DIRECTIONS: Your answer should be only the lines below from the one with "QRコード https://" to the one with "100.54 Acres Katuin Road - Photo 26", repeated exactly, ends included.

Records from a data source
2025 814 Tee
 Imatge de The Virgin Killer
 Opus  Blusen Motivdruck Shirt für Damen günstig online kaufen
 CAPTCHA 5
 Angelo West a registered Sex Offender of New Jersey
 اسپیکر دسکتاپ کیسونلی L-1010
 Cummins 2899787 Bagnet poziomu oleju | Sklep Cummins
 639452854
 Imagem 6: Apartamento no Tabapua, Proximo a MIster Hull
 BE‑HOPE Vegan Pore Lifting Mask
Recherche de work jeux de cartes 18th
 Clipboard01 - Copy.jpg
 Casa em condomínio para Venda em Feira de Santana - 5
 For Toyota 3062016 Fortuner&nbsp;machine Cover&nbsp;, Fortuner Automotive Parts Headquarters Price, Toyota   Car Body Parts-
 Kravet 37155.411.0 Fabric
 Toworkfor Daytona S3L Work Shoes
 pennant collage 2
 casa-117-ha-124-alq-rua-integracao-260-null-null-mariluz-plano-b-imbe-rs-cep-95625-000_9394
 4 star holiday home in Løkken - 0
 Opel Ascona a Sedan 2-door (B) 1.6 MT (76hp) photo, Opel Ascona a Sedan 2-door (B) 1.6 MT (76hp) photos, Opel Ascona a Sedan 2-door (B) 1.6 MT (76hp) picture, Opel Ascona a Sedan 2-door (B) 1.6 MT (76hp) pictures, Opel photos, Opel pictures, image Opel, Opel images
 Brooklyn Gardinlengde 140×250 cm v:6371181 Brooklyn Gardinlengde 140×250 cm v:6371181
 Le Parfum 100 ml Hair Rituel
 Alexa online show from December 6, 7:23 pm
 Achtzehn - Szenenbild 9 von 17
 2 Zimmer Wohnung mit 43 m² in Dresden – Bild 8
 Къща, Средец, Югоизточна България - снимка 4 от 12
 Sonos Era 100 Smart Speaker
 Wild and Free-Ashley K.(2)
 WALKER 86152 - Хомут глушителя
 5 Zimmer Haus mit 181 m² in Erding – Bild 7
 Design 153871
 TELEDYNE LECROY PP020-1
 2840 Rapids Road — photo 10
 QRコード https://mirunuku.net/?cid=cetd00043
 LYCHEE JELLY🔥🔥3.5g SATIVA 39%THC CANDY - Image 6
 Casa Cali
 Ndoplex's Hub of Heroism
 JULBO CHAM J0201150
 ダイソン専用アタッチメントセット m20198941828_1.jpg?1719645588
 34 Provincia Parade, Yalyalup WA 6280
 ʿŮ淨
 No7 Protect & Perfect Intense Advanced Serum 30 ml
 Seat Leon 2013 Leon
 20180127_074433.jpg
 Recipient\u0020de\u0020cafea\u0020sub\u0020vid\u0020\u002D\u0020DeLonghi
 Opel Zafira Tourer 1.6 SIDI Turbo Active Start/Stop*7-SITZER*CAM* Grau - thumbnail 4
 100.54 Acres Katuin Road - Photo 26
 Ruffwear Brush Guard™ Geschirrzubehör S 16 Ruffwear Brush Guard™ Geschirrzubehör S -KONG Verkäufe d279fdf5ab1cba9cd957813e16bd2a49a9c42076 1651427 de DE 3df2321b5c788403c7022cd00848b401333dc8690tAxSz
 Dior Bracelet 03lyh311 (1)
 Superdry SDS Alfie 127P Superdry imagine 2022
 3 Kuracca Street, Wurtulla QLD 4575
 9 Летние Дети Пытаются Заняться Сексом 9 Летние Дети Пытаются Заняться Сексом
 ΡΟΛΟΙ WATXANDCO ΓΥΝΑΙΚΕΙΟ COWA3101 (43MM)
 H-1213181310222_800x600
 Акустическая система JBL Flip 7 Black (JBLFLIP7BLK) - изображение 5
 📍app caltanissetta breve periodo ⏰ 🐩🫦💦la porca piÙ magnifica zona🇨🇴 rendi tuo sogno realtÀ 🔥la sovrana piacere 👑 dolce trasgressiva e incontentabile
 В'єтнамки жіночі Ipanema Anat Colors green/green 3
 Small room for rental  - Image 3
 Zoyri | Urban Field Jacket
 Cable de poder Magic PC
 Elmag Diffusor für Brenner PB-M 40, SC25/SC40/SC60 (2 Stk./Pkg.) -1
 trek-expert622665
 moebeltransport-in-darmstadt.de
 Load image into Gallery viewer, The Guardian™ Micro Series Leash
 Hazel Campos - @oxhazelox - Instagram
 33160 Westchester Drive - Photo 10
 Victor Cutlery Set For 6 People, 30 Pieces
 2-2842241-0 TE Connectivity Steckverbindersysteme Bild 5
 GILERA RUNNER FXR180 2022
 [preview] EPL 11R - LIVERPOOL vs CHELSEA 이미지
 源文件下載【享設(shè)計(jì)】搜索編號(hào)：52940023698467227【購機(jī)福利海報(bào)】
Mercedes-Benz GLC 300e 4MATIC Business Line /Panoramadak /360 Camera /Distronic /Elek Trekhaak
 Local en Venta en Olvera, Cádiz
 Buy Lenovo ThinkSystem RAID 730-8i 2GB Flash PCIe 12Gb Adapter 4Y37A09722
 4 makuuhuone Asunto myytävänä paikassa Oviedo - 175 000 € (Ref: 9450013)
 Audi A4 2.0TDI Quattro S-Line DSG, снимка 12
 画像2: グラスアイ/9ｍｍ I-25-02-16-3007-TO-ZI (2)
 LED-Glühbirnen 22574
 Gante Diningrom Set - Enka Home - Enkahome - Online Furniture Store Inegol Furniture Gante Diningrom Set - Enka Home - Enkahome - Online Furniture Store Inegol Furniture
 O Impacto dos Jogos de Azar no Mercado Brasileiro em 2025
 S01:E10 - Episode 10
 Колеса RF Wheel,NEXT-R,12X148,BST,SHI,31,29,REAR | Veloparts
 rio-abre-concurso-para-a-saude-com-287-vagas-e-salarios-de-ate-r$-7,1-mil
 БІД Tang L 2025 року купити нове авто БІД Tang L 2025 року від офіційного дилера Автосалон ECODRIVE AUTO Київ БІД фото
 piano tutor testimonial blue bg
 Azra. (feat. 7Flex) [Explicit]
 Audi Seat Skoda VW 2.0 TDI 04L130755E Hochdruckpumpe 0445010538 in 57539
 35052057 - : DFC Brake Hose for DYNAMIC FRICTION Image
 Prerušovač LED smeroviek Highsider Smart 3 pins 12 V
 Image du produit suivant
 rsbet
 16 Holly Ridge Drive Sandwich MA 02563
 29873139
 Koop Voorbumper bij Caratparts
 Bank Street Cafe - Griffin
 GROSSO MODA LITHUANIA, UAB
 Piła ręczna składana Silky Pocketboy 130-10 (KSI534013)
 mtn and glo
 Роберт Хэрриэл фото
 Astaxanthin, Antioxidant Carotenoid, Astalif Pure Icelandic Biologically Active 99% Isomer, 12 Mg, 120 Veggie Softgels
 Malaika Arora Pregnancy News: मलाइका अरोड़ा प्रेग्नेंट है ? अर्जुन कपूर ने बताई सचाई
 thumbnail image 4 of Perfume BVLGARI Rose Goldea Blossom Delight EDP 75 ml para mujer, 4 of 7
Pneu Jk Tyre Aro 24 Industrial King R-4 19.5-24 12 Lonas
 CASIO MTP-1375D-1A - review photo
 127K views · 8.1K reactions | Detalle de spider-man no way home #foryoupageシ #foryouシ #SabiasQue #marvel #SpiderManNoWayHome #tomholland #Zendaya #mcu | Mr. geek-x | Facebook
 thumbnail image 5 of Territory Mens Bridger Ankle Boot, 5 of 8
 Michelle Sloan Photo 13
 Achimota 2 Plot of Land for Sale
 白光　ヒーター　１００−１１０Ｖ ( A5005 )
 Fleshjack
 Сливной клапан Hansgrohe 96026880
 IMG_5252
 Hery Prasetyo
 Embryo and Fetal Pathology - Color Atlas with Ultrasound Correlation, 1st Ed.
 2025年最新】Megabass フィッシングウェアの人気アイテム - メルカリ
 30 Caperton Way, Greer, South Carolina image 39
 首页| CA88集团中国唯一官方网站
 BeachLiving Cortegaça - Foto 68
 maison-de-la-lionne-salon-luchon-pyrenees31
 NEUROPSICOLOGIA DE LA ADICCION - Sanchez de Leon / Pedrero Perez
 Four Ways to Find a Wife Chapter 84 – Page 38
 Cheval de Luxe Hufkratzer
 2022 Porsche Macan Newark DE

RESPONSE AREA:
 QRコード https://mirunuku.net/?cid=cetd00043
 LYCHEE JELLY🔥🔥3.5g SATIVA 39%THC CANDY - Image 6
 Casa Cali
 Ndoplex's Hub of Heroism
 JULBO CHAM J0201150
 ダイソン専用アタッチメントセット m20198941828_1.jpg?1719645588
 34 Provincia Parade, Yalyalup WA 6280
 ʿŮ淨
 No7 Protect & Perfect Intense Advanced Serum 30 ml
 Seat Leon 2013 Leon
 20180127_074433.jpg
 Recipient\u0020de\u0020cafea\u0020sub\u0020vid\u0020\u002D\u0020DeLonghi
 Opel Zafira Tourer 1.6 SIDI Turbo Active Start/Stop*7-SITZER*CAM* Grau - thumbnail 4
 100.54 Acres Katuin Road - Photo 26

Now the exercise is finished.